He paused, and they took the whole one long turn along the wind-swept, shadowy deck in silence.
"Presently she came," he continued. "The change was there, too. She was dressed simply enough, but even I, in my inexperience, knew the difference. She came in—she, who had spoken of suicide a short time ago—singing softly to herself. She saw me, our eyes met, and the story was told. I knew, and she knew that I knew."
It seemed as though something in his tone might have grated upon her. Gently, but with a certain firmness, she drew her hand away from his.
"You were very angry, I suppose?" she murmured.
Some instinct told him exactly what was passing in her thoughts. In a moment he was on the defensive.
"I think," he said, "that if it had been any other man—but listen. The photograph which I took from the mantelpiece and threw into the fire was the photograph of my own cousin. His father and my father were brought up together. My father chose the Church, his founded the factory in which most of the people in Detton Magna were employed. When my grandfather died, it was found that he was penniless. The whole of his money had gone towards founding the Douglas Romilly Shoe Company. I won't weary with the details. The business prospered, but we remained in poverty. When my mother died I was left with nothing. My uncle made promises and never kept them. He, too, died. My cousin and I quarrelled. He and his father both held that the money advanced by my grandfather had been a gift and not a loan. They offered me a pittance. Well, I refused anything. I spoke plain words, and that was an end of it. And then I came back and I saw his picture, my cousin's picture, upon the mantelpiece. I can see it now and it looks hateful to me. All the old fires burned up in me. I remembered my father's death—a pauper he was. I remembered how near I had been to starvation. I remembered the years I had spent in a garret whilst Douglas had idled time away at Oxford, had left there to trifle with the business his father had founded, had his West End club, hunters, and shooting. It was a vicious, mad, jealous hatred, perhaps, but I claim that it was human. I went out of that little house and it seemed to me that there was a new lust in my heart, a new, craving desire. If I had thrown myself into that canal, they might well have called it temporary insanity. I didn't, but I was mad all the same. Anything else I did—was temporary insanity!"
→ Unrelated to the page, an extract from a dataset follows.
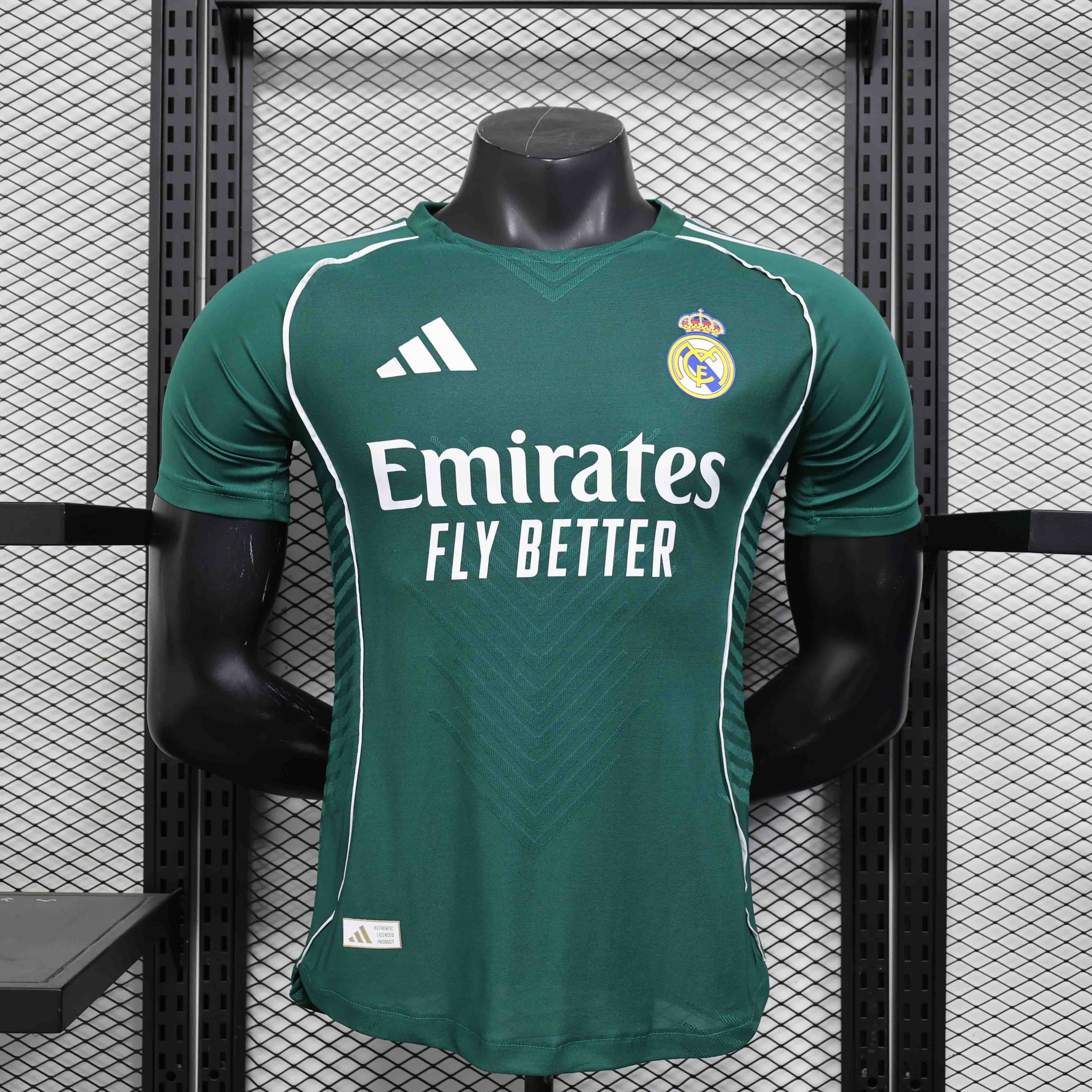 Maillot Real Madrid concept 2025-26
Her hand suddenly came back again and she leaned towards him through the darkness.
"You poor child," she whispered. "Stop there, please. Don't be afraid to think you've told me this. You see, I am of the world, and I know that we are all only human. Now, twice up and down the deck, and not a word. Then I shall ask you something."
So they passed on, side by side, the touch of her fingers keeping this new courage alive in his heart, his head uplifted even to the stars towards which their rolling mast pointed. It was wonderful, this—to tell the truth, to open the door of his heart!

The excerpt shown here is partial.